** INFORMATION GIVEN **
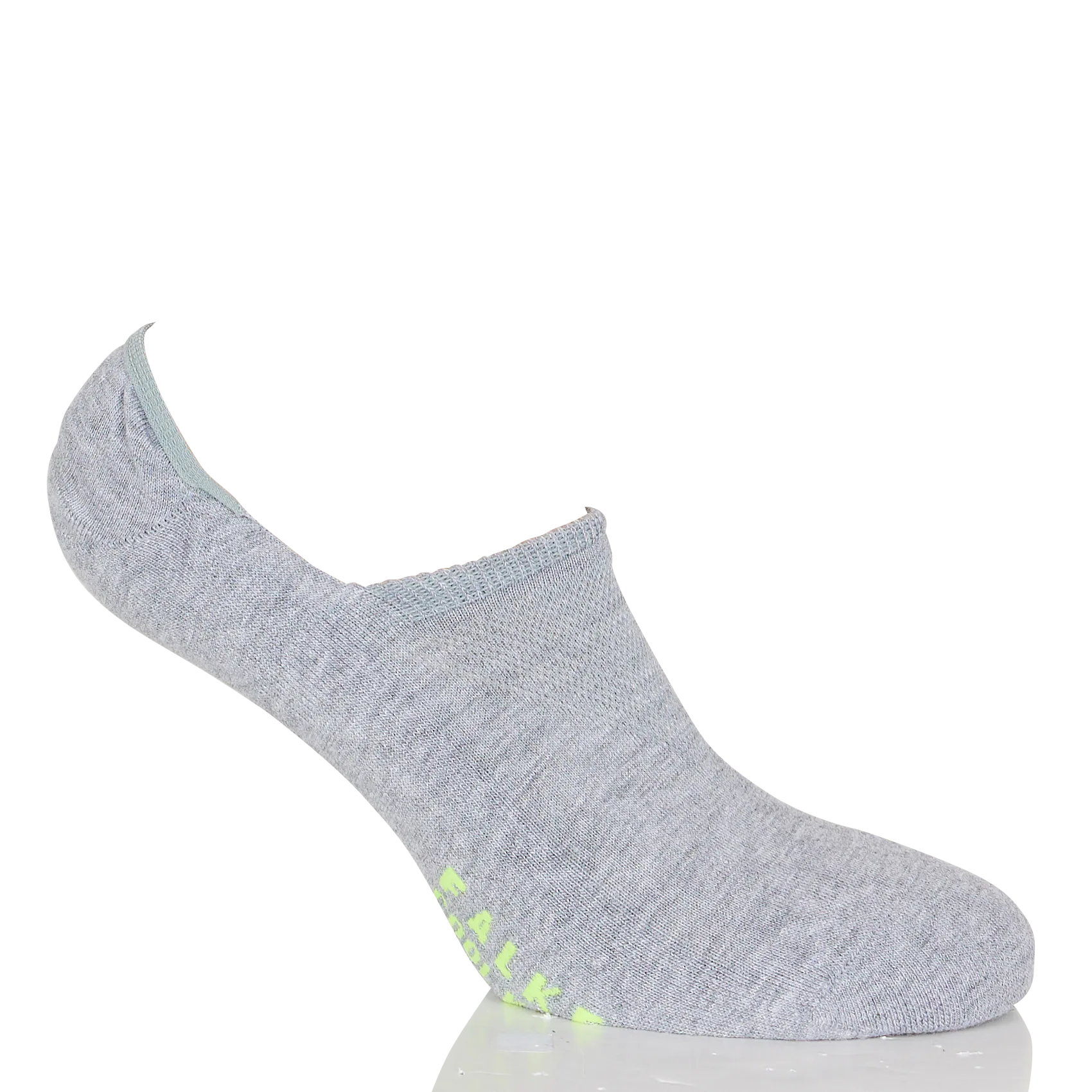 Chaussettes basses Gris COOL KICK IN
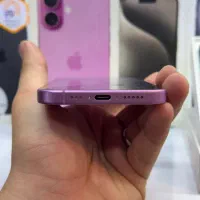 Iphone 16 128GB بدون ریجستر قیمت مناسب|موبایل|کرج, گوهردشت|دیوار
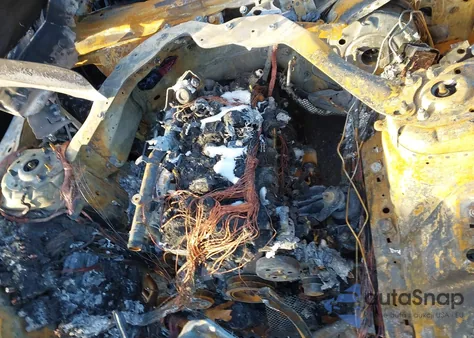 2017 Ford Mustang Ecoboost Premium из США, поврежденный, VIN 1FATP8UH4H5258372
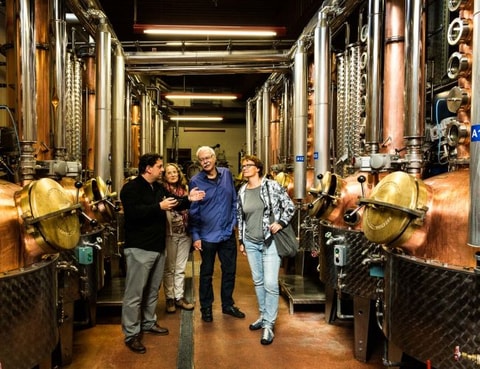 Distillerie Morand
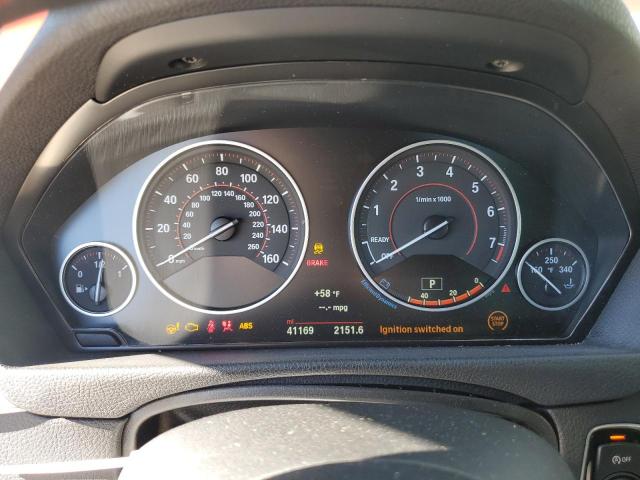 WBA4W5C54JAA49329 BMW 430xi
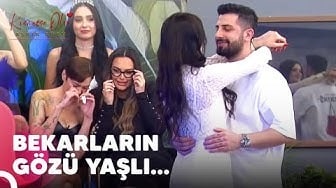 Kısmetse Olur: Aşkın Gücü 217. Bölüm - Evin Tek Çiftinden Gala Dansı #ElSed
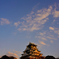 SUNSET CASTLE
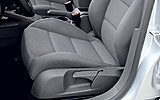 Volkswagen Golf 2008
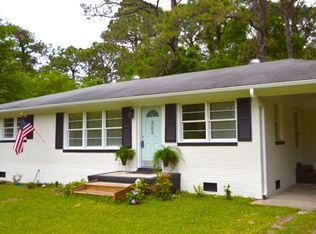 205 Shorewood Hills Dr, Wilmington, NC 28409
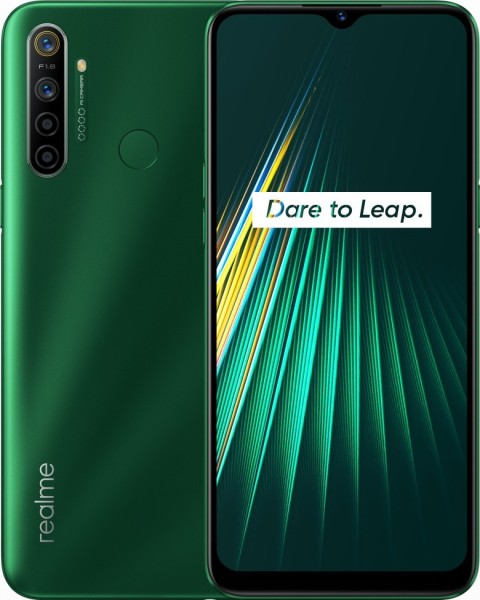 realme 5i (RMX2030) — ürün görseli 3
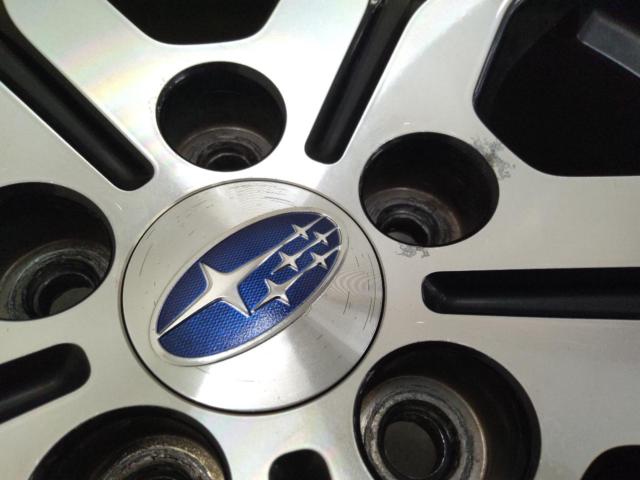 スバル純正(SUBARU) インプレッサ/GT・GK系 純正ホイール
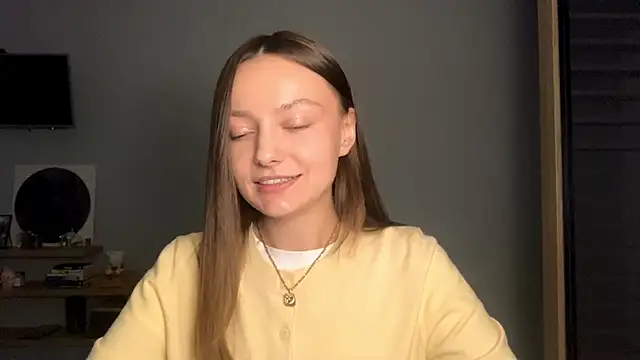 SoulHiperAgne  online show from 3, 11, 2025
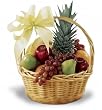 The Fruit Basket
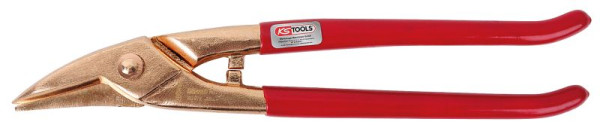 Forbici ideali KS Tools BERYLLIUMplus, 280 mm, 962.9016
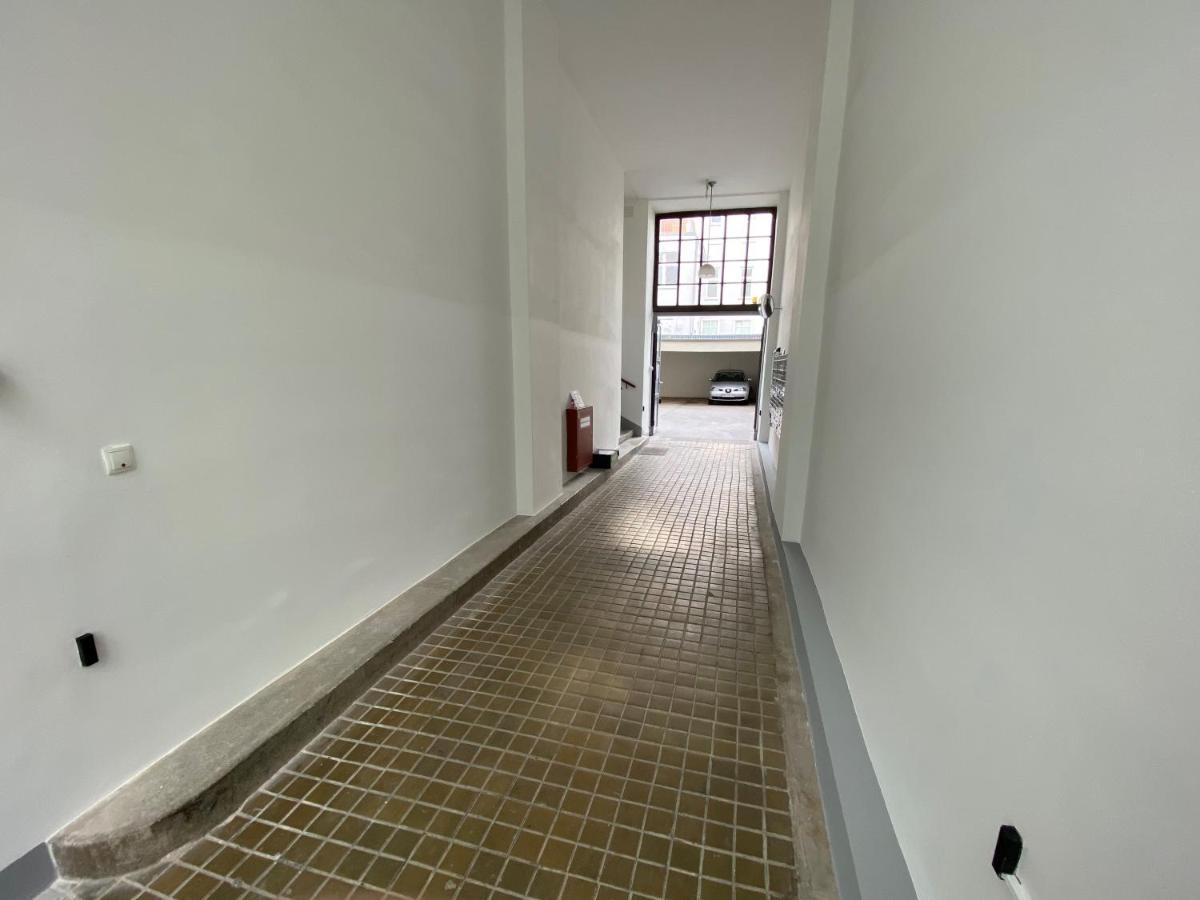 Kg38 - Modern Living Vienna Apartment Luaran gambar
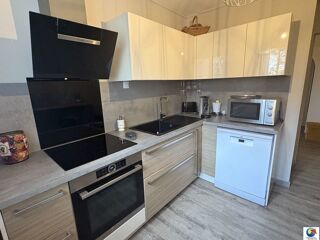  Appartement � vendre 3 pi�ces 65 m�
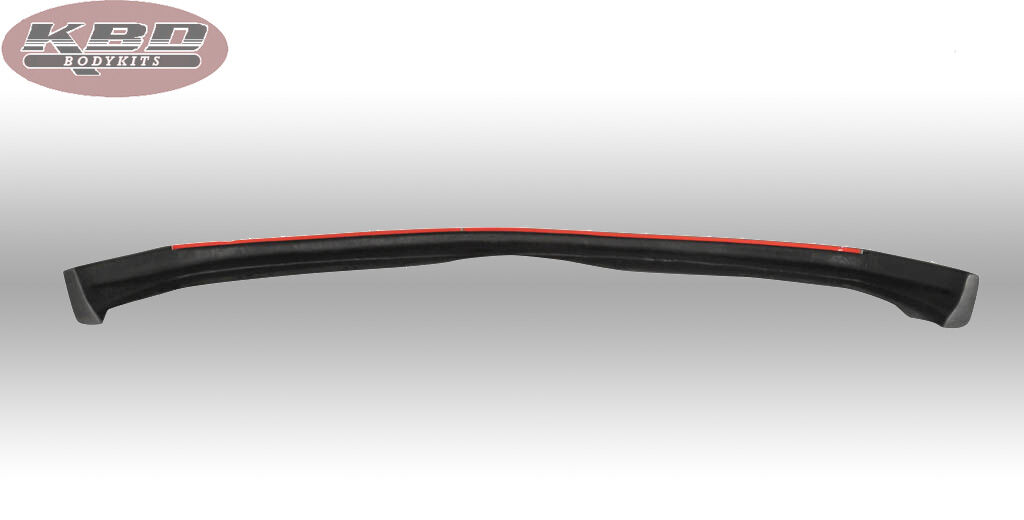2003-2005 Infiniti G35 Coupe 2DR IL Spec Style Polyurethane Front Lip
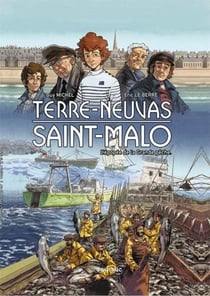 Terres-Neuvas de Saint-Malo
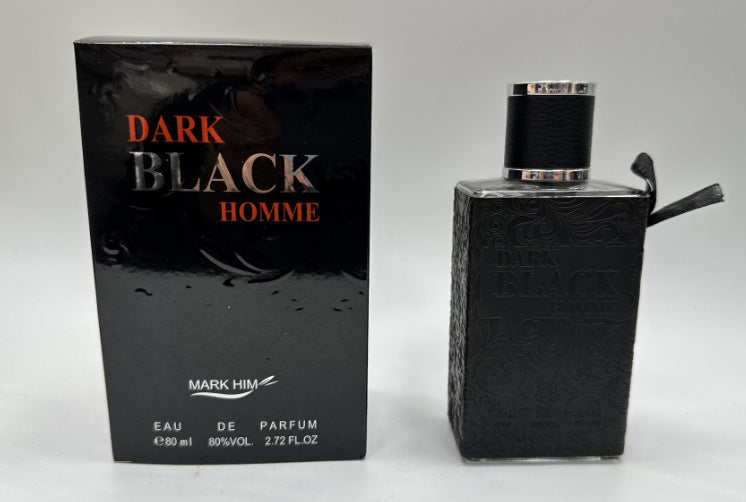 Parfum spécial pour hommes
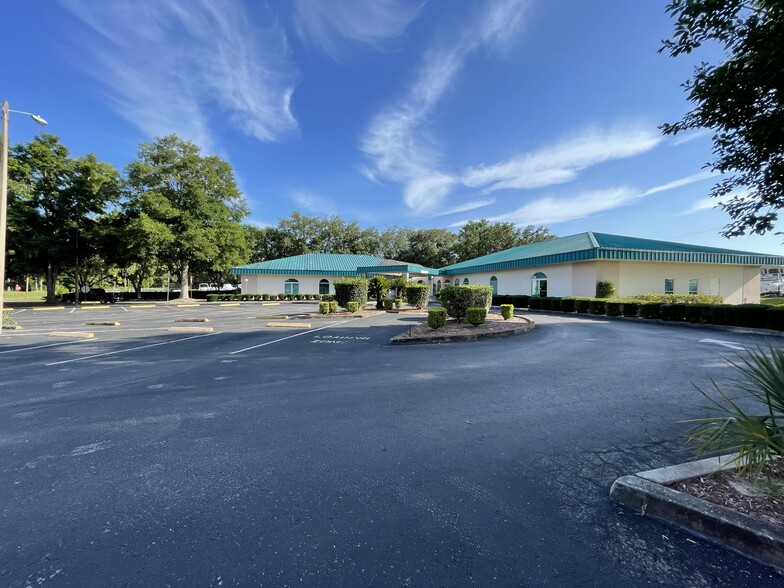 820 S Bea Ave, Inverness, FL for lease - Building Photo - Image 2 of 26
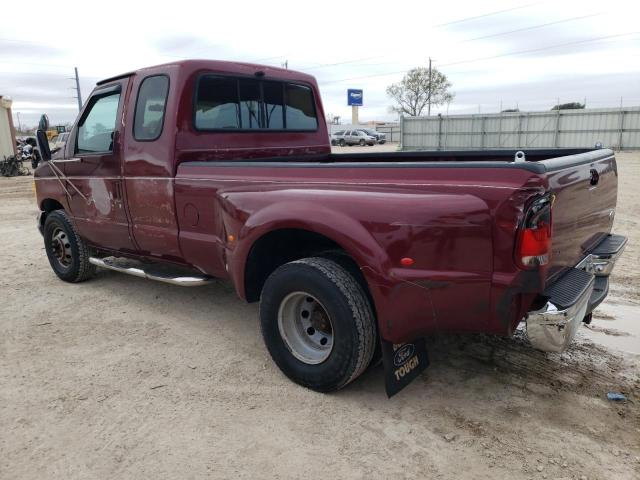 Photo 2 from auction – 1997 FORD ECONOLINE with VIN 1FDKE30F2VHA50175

** EXERCISE DETAILS **
From the line containing "2003-2005 Infiniti G35" down to the final line of the material, restate every line word for word, and only those; drop the pictures.

** RESULT FOR THIS EXERCISE **
2003-2005 Infiniti G35 Coupe 2DR IL Spec Style Polyurethane Front Lip
 Terres-Neuvas de Saint-Malo
 Parfum spécial pour hommes
 820 S Bea Ave, Inverness, FL for lease - Building Photo - Image 2 of 26
 Photo 2 from auction – 1997 FORD ECONOLINE with VIN 1FDKE30F2VHA50175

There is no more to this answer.